I graduated high school in 1967, waited 2 weeks and enlisted in the army. I accepted I was going to Viet Nam, everybody I knew was going or had gone, friends and relatives, some had not come back alive or whole.
Basic training was filled with a great mixture of people I couldn't believe! To many it was a big joke! Believe me I was paying attention like my life depended on it! I really figured it did. Well, long story short, I was on orders 6 different times! And every time something happened and I was deleted or my orders were cancelled. I never requested to be removed or taken off, I think it was a higher power looking out for our troops!

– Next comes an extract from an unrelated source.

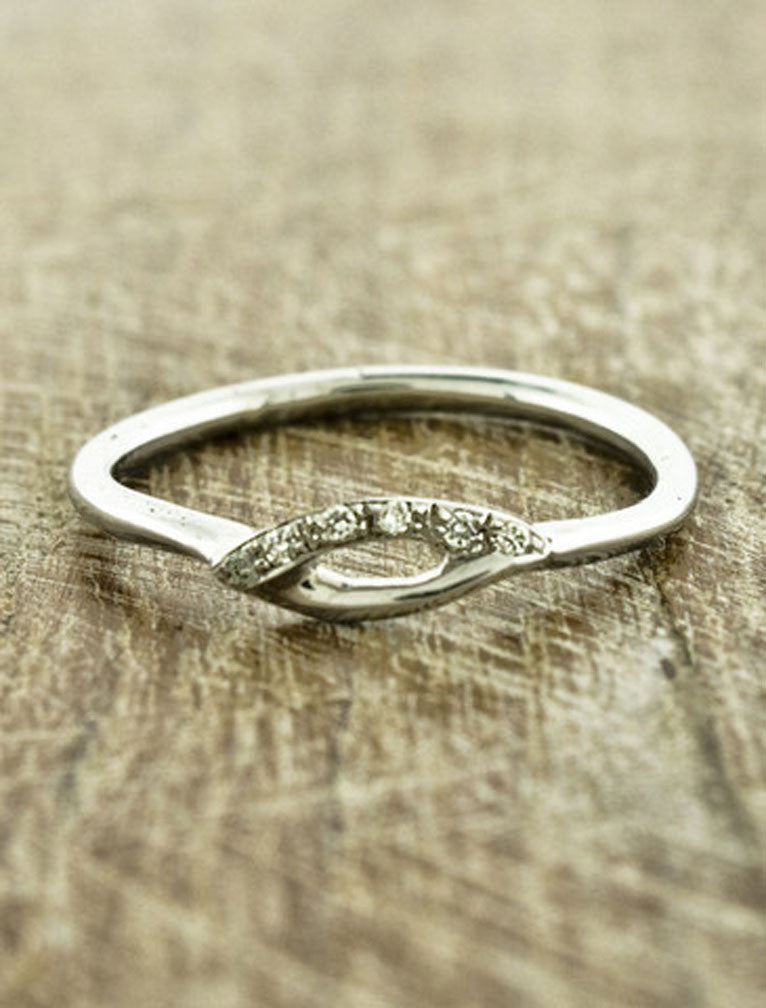 Unique Organic Wedding Bands by Ken & Dana Design - Isis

At heart, I did not fear Charlie half as much as I fear snakes, so God knows me pretty good and he figures, "I better keep this guy out of Viet Nam because one of those snakes crawls across his path - he'll light it up and give away his units position and get some guys hurt really bad." I say that half joking, but that scenario has played out in my mind many times since that 18 year old kid took the oath in 67.
Seriously I have no idea why I did not go. I went in knowing I was going and there was a good chance I would not be coming back. 20 years and 18 days later I left the army. After Nam shut down I looked at every day like it was gravy or a free day. I still look at every day like it is a gift. Every once in awhile I even see a snake, that's not so bad if the mower is running! Still don't like those damned snakes.
My thanks goes to all of you who did serve in country, Thank You! I still feel like I should have gone, I felt like it was my duty. My Dad who served in WWII, cautioned me about volunteering, he felt like I had stretched it by enlisting in the first place. And Thanks to all who were in the same situation as me, at least we were ready!